そもそも、シロアリを見たことがない人も多いだろう。実際にどのような被害が起こっているのか、その実態について聞いた。
「シロアリの被害事例は年間で100万件以上にものぼるといわれています。その被害は木造建築に多く、日本には5,000万戸以上あります。毎年50戸に1戸は被害報告があるというのが実情です」(伊藤さん)
かなりの規模だが、そこまで被害に遭っている印象がないのはなぜだろう。
「昨今は、マンションやアパートが多く、周りで被害に遭ったという声を聴く機会は少なくなってきました。また、被害は地方に集中するため、都市部に近づくにつれ、シロアリの発生件数は少なくなる傾向です」(伊藤さん)
シロアリの生息地域は西日本が中心だという。ファインドプロに寄せられる被害状況の調査では、和歌山県や宮崎県が多いとのこと。周りに山や森があるほど、被害も多くなるのだ。
■シロアリの被害として多いケースとは?
実際の被害は、どのようなものなのか。
「よくイメージされるのは、家が完全に崩壊するほどの被害だと思います。しかし、実際に駆除や予防を依頼されるお客さんで多いのは、まだ被害が初期状態のケースです。柱の一部分だけ喰われていたり、水回りや配管に巣を作っていたりすることが多いですね。また、家自体には被害がなかったものの、庭の木に住みついていたということも少なくありません」(伊藤さん)
被害が大規模になる前に、修繕をする人が多いようだ。しかし、シロアリの繁殖力はすさまじく、毎日20個以上の卵を産み続ける。そのため、「気づいた時には手遅れだった……」ということも珍しくないため注意が必要だと伊藤さんは言う。
■シロアリ被害にいち早く気づくためにできること
シロアリは基本的に、普段は目にしない場所で繁殖していく。そのため、注意していないと、知らない間に被害が拡大してしまうのだ。しかし、シロアリの被害にいち早く気づくことができる方法があると伊藤さんは言う。
「シロアリは常に床下や壁の中などにいるため、被害に遭っているかどうか気づきにくいものです。シロアリの被害に気づくチャンスがあるのは、梅雨明けの時期。その時期は、シロアリが繁殖のために羽アリとなって外に出る貴重な機会です。羽のあるアリで白っぽいアリが家の近くにいたら、一度調査を依頼してみるのがよいでしょう」(伊藤さん)
普段は陽の当らない場所にいるシロアリも、繁殖期には外に出るという。羽アリを見つける機会を逃してしまった場合は、どうすればよいのだろうか。
「羽アリ以外にシロアリの被害に気付くチャンスがあるのは、新築5年のタイミングです。

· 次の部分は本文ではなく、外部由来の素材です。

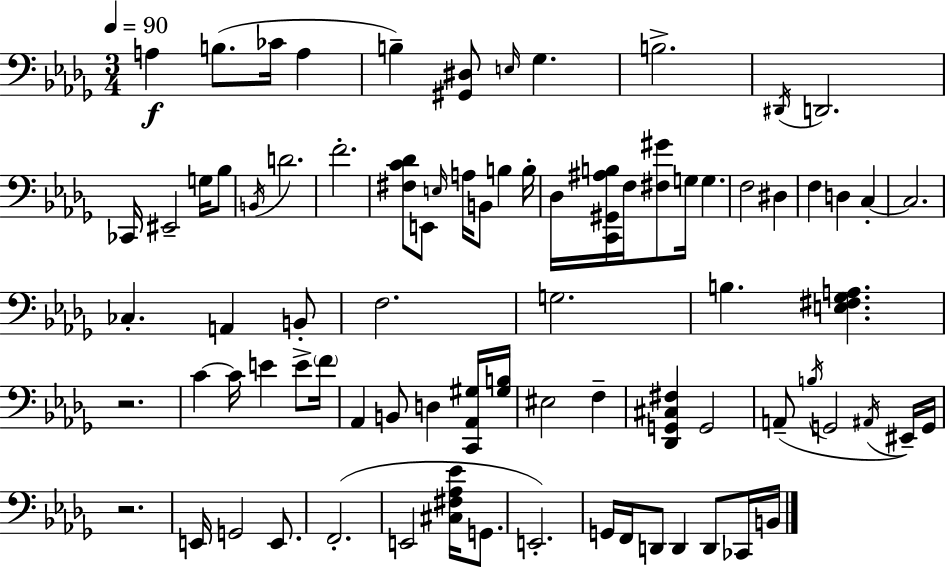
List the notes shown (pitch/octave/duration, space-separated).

A3/q B3/e. CES4/s A3/q B3/q [G#2,D#3]/e E3/s Gb3/q. B3/h. D#2/s D2/h. CES2/s EIS2/h G3/s Bb3/e B2/s D4/h. F4/h. [F#3,C4,Db4]/e E2/e E3/s A3/s B2/e B3/q B3/s Db3/s [C2,G#2,A#3,B3]/s F3/s [F#3,G#4]/e G3/s G3/q. F3/h D#3/q F3/q D3/q C3/q C3/h. CES3/q. A2/q B2/e F3/h. G3/h. B3/q. [E3,F#3,Gb3,A3]/q. R/h. C4/q C4/s E4/q E4/e F4/s Ab2/q B2/e D3/q [C2,Ab2,G#3]/s [G#3,B3]/s EIS3/h F3/q [Db2,G2,C#3,F#3]/q G2/h A2/e B3/s G2/h A#2/s EIS2/s G2/s R/h. E2/s G2/h E2/e. F2/h. E2/h [C#3,F#3,Ab3,Eb4]/s G2/e. E2/h. G2/s F2/s D2/e D2/q D2/e CES2/s B2/s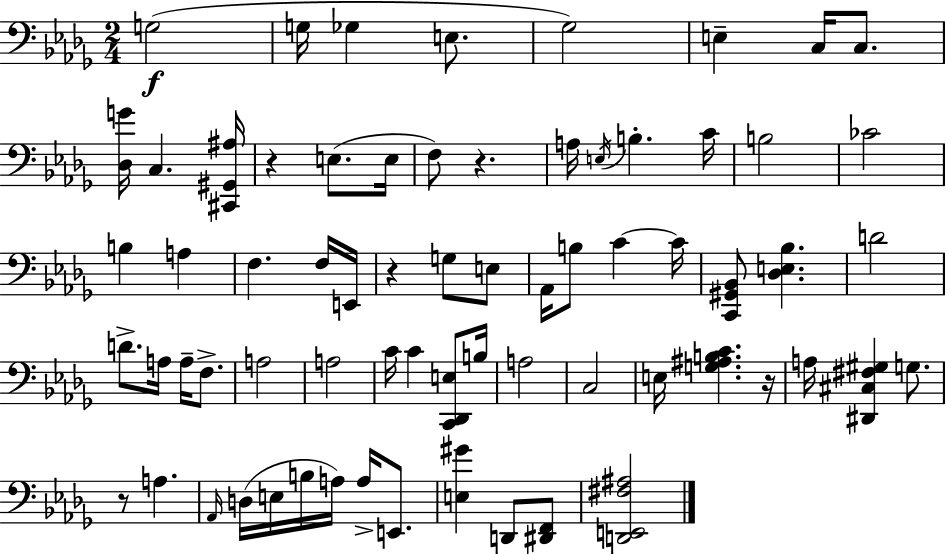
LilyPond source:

{
  \clef bass
  \numericTimeSignature
  \time 2/4
  \key bes \minor
  g2(\f | g16 ges4 e8. | ges2) | e4-- c16 c8. | \break <des g'>16 c4. <cis, gis, ais>16 | r4 e8.( e16 | f8) r4. | a16 \acciaccatura { e16 } b4.-. | \break c'16 b2 | ces'2 | b4 a4 | f4. f16 | \break e,16 r4 g8 e8 | aes,16 b8 c'4~~ | c'16 <c, gis, bes,>8 <des e bes>4. | d'2 | \break d'8.-> a16 a16-- f8.-> | a2 | a2 | c'16 c'4 <c, des, e>8 | \break b16 a2 | c2 | e16 <g ais b c'>4. | r16 a16 <dis, cis fis gis>4 g8. | \break r8 a4. | \grace { aes,16 } d16( e16 b16 a16) a16-> e,8. | <e gis'>4 d,8 | <dis, f,>8 <d, e, fis ais>2 | \break \bar "|."
}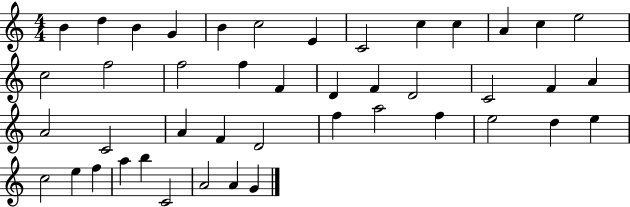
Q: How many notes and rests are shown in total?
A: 44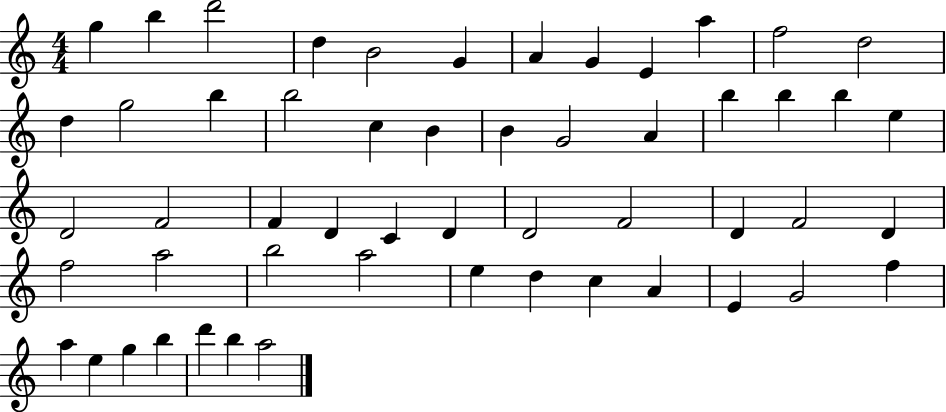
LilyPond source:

{
  \clef treble
  \numericTimeSignature
  \time 4/4
  \key c \major
  g''4 b''4 d'''2 | d''4 b'2 g'4 | a'4 g'4 e'4 a''4 | f''2 d''2 | \break d''4 g''2 b''4 | b''2 c''4 b'4 | b'4 g'2 a'4 | b''4 b''4 b''4 e''4 | \break d'2 f'2 | f'4 d'4 c'4 d'4 | d'2 f'2 | d'4 f'2 d'4 | \break f''2 a''2 | b''2 a''2 | e''4 d''4 c''4 a'4 | e'4 g'2 f''4 | \break a''4 e''4 g''4 b''4 | d'''4 b''4 a''2 | \bar "|."
}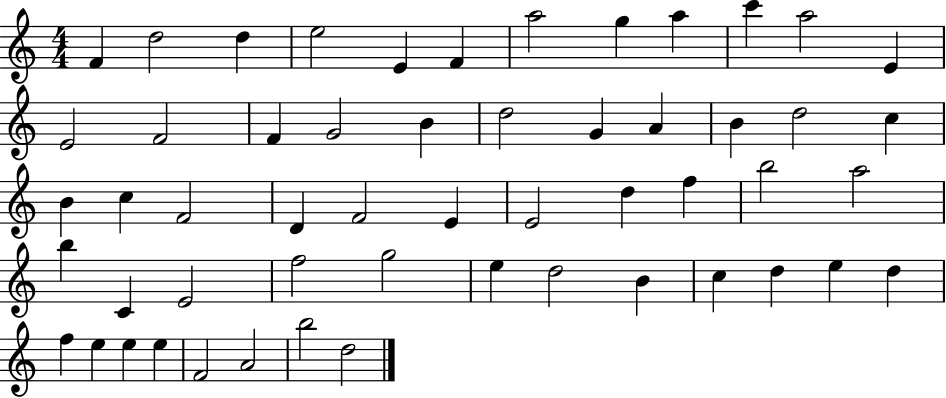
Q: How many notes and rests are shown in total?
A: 54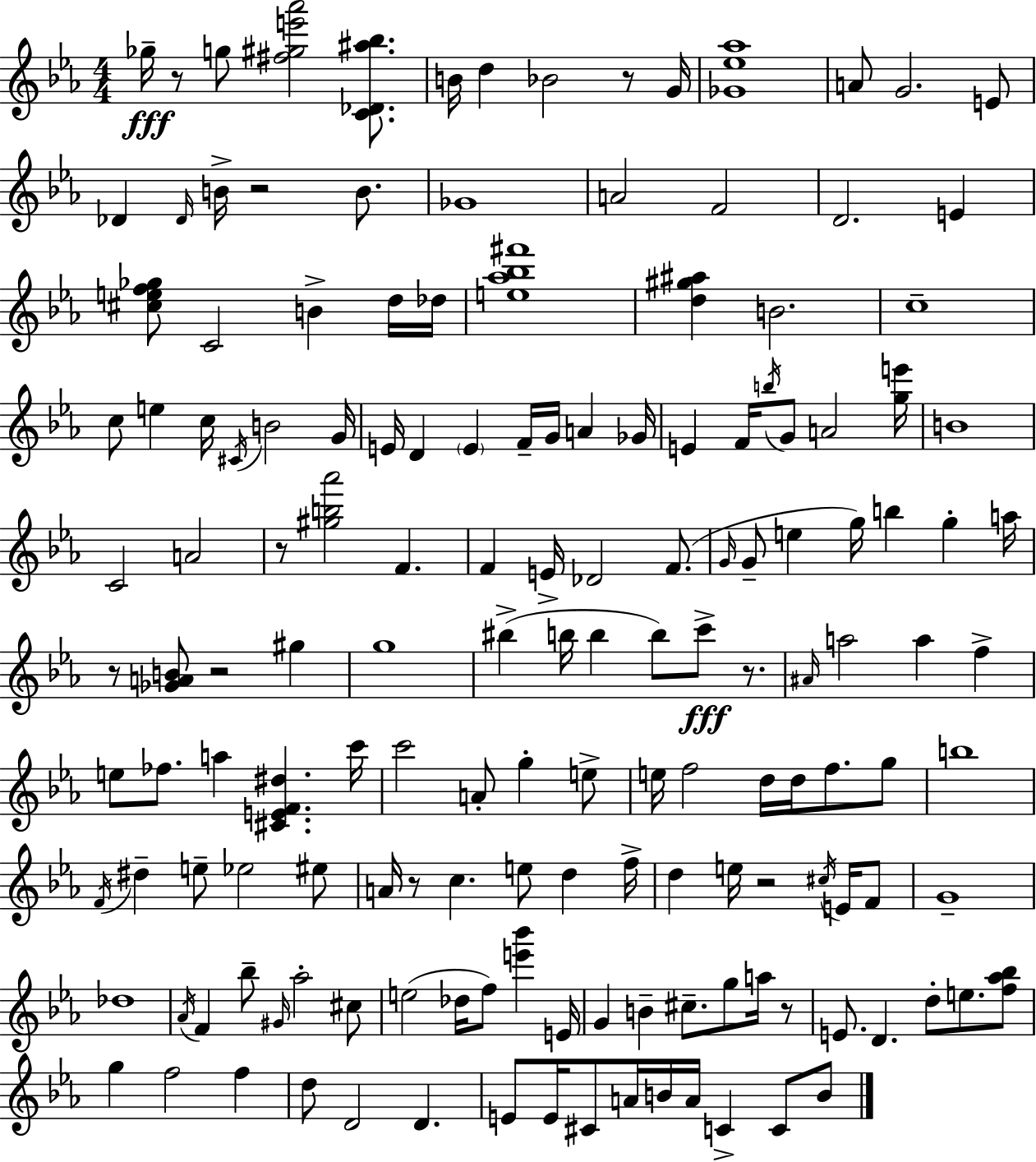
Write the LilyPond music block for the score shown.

{
  \clef treble
  \numericTimeSignature
  \time 4/4
  \key c \minor
  ges''16--\fff r8 g''8 <fis'' gis'' e''' aes'''>2 <c' des' ais'' bes''>8. | b'16 d''4 bes'2 r8 g'16 | <ges' ees'' aes''>1 | a'8 g'2. e'8 | \break des'4 \grace { des'16 } b'16-> r2 b'8. | ges'1 | a'2 f'2 | d'2. e'4 | \break <cis'' e'' f'' ges''>8 c'2 b'4-> d''16 | des''16 <e'' aes'' bes'' fis'''>1 | <d'' gis'' ais''>4 b'2. | c''1-- | \break c''8 e''4 c''16 \acciaccatura { cis'16 } b'2 | g'16 e'16 d'4 \parenthesize e'4 f'16-- g'16 a'4 | ges'16 e'4 f'16 \acciaccatura { b''16 } g'8 a'2 | <g'' e'''>16 b'1 | \break c'2 a'2 | r8 <gis'' b'' aes'''>2 f'4. | f'4 e'16-> des'2 | f'8.( \grace { g'16 } g'8-- e''4 g''16) b''4 g''4-. | \break a''16 r8 <ges' a' b'>8 r2 | gis''4 g''1 | bis''4->( b''16 b''4 b''8) c'''8->\fff | r8. \grace { ais'16 } a''2 a''4 | \break f''4-> e''8 fes''8. a''4 <cis' e' f' dis''>4. | c'''16 c'''2 a'8-. g''4-. | e''8-> e''16 f''2 d''16 d''16 | f''8. g''8 b''1 | \break \acciaccatura { f'16 } dis''4-- e''8-- ees''2 | eis''8 a'16 r8 c''4. e''8 | d''4 f''16-> d''4 e''16 r2 | \acciaccatura { cis''16 } e'16 f'8 g'1-- | \break des''1 | \acciaccatura { aes'16 } f'4 bes''8-- \grace { gis'16 } aes''2-. | cis''8 e''2( | des''16 f''8) <e''' bes'''>4 e'16 g'4 b'4-- | \break cis''8.-- g''8 a''16 r8 e'8. d'4. | d''8-. e''8. <f'' aes'' bes''>8 g''4 f''2 | f''4 d''8 d'2 | d'4. e'8 e'16 cis'8 a'16 b'16 | \break a'16 c'4-> c'8 b'8 \bar "|."
}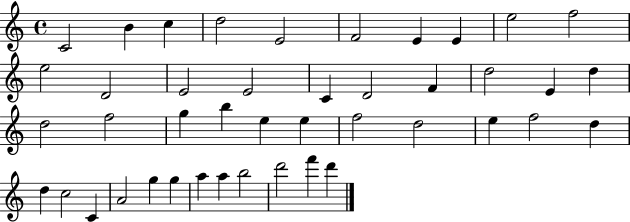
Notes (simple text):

C4/h B4/q C5/q D5/h E4/h F4/h E4/q E4/q E5/h F5/h E5/h D4/h E4/h E4/h C4/q D4/h F4/q D5/h E4/q D5/q D5/h F5/h G5/q B5/q E5/q E5/q F5/h D5/h E5/q F5/h D5/q D5/q C5/h C4/q A4/h G5/q G5/q A5/q A5/q B5/h D6/h F6/q D6/q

というのも、新築の場合、5年間のシロアリ駆除保証がついていることも多く、そのタイミングで調査してもらうことができるからです。それ以外にも近隣で、シロアリ被害が起こったかどうかを一つの指標にするとよいでしょう。シロアリは基本的に、巣を移動させることはありません。しかし、巣が大きくなりすぎると、巣にいるシロアリの一部が、近くに別の巣を作ることがあります。そのため、近くでシロアリ被害が見つかったときには、自分の家にシロアリが移ってきていないか確認するのがおすすめです」(伊藤さん)
シロアリ駆除を行っても、薬剤の散布が足りず殺虫しきれていないと、生き残りが逃げるように移動してきてしまう場合もあるという。調査のみであればお金がかからないことも多いため、気になる場合は一度依頼してみるとよいかもしれない。
自分で予防処理を行おうとする人もいるらしいが、あまり効果はないようだ。知らない間に被害が拡大しないためにも必要になった際には、専門の駆除業者に相談してみてほしい。
●専門家プロフィール: 伊藤 真揮(いとう なおき)
あなたの街の近場のプロフェッショナルを探せる「ファインドプロ」の編集部に所属するライター。実際に現場で活躍しているスタッフからの専門的な声を参考に、シロアリを始めとしたさまざまな害虫や、害獣の駆除・予防に関する幅広い情報を発信している。